*Work to complete*
Send back the line that contains "100 Loma Avenue #404 photo 17" and all lines following it through the end of the data below, exactly, omitting pictures.

*** Data section

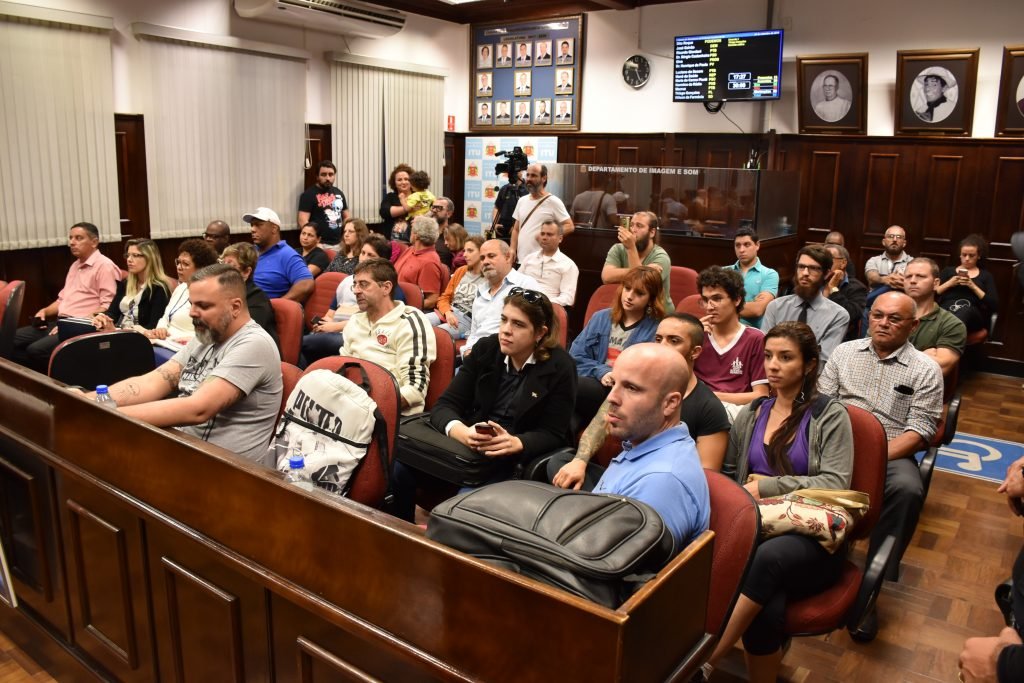 Câmara aprova Semana da Diversidade LGBTI+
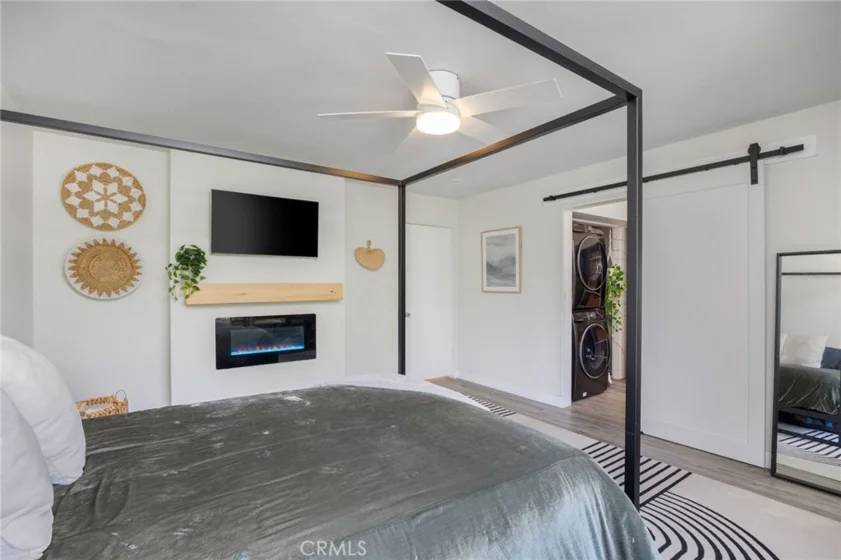 100 Loma Avenue #404 photo 17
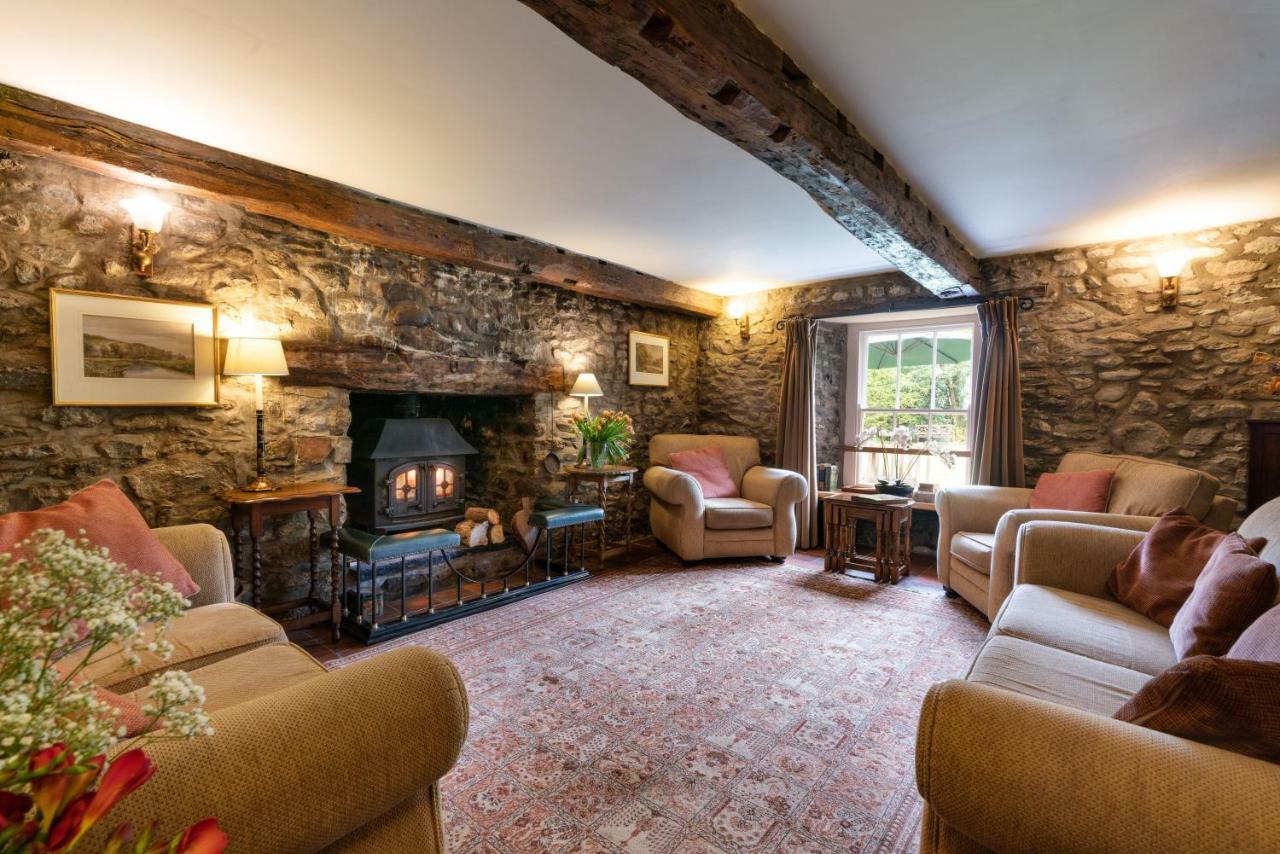 Ty Mawr Country Hotel & Restaurant Carmarthen Extérieur photo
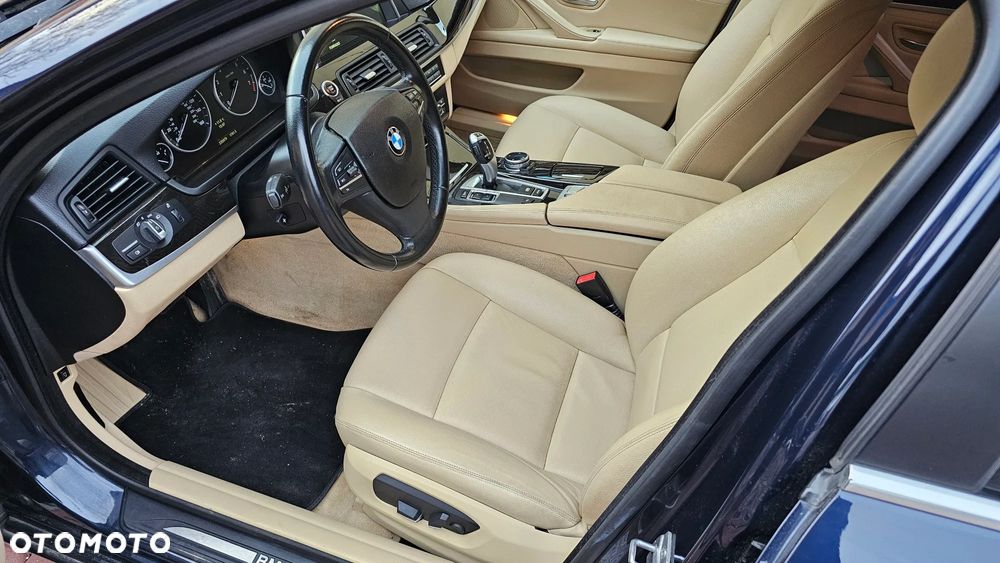 BMW Seria 5 528i xDrive Sport-Aut Luxury Line - 7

******

*Exercise result*
 100 Loma Avenue #404 photo 17
 Ty Mawr Country Hotel & Restaurant Carmarthen Extérieur photo
 BMW Seria 5 528i xDrive Sport-Aut Luxury Line - 7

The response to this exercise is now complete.